Concurrency Testing Using Controlled Schedulers: An Empirical Study
Abstract
We present an independent empirical study on concurrency testing using controlled schedulers. We have gathered 49 buggy concurrent software benchmarks, drawn from public code bases, which we call SCTBench. We applied a modified version of an existing concurrency testing tool to SCTBench, testing five controlled scheduling techniques: depth-first search, preemption bounding, delay bounding, a controlled random scheduler, and probabilistic concurrency testing (PCT). We attempt to answer several research questions, including: Which technique performs the best, in terms of bug finding ability?
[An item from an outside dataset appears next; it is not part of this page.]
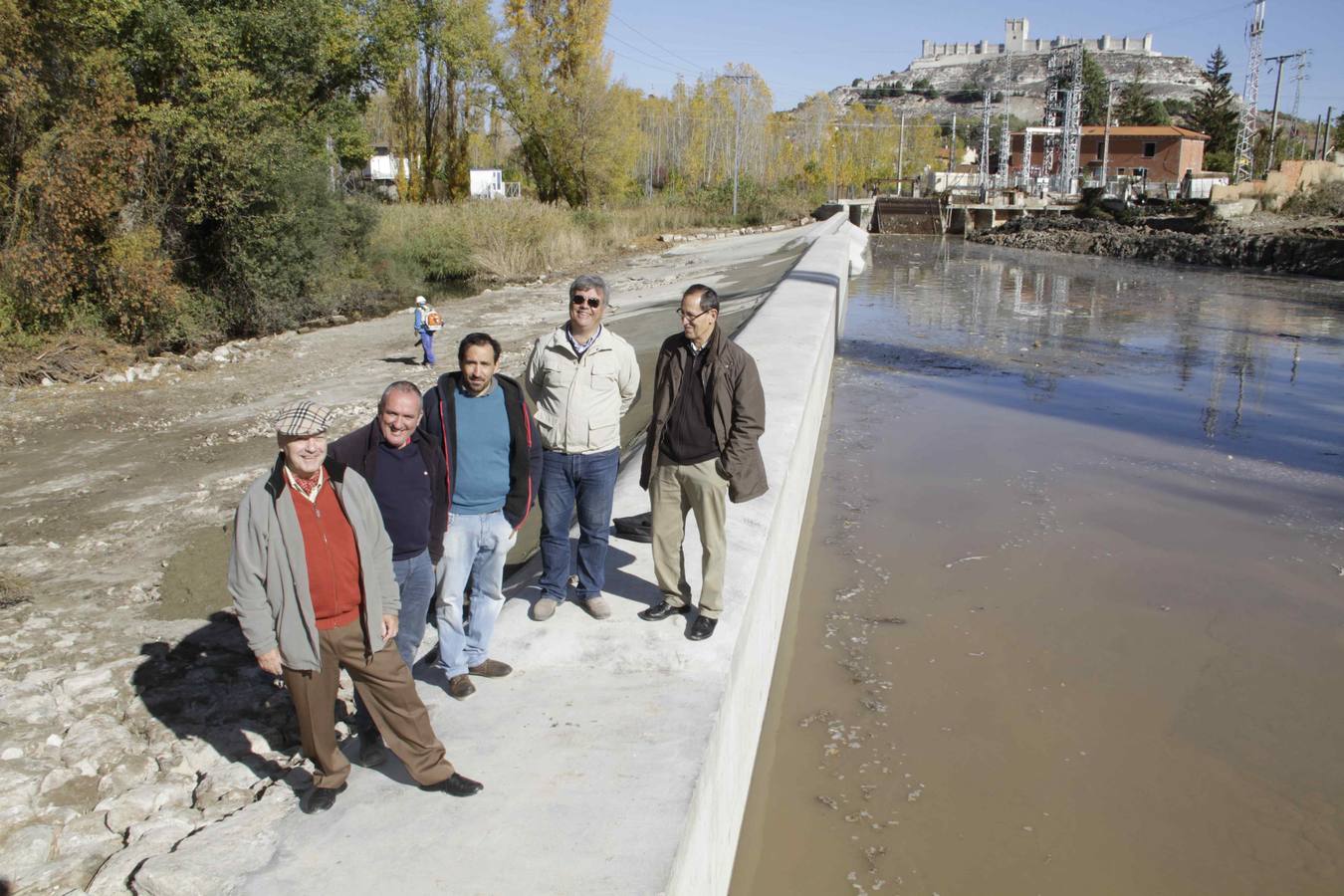 Obras en el azud de la zona de 'La Balsa' en Peñafiel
How effective are the two main schedule bounding techniques, preemption bounding and delay bounding, at finding bugs? What challenges are associated with applying concurrency testing techniques to existing code? Can we classify certain benchmarks as trivial or non-trivial? Overall, we found that PCT (with parameter d=3) was the most effective technique in terms of bug finding; it found all the bugs found by the other techniques, plus an additional three, and it missed only one bug. Surprisingly, we found that the “naive” controlled random scheduler, which randomly chooses one thread to execute at each scheduling point, performs well, finding more bugs than preemption bounding and just two fewer bugs than delay bounding. Our findings confirm that delay bounding is superior to preemption bounding and schedule bounding is superior to an unbounded depth-first search. The majority of bugs in SCTBench can be exposed using a small schedule bound (1-2), supporting previous claims, although one benchmark requires 5 preemptions. We found that the need to remove nondeterminism and control all synchronization (as is required for systematic concurrency testing) can be nontrivial. There were 8 distinct programs that could not easily be included in out study, such as those that perform network and inter-process communication. We report various properties about the benchmarks tested, such as the fact that the bugs in 18 benchmarks were exposed 50% of the time when using random scheduling. We note that future work should not use the benchmarks that we classify as trivial when presenting new techniques, other than as a minimum baseline. We have made SCTBench and our tools publicly available for reproducibility and use in future work.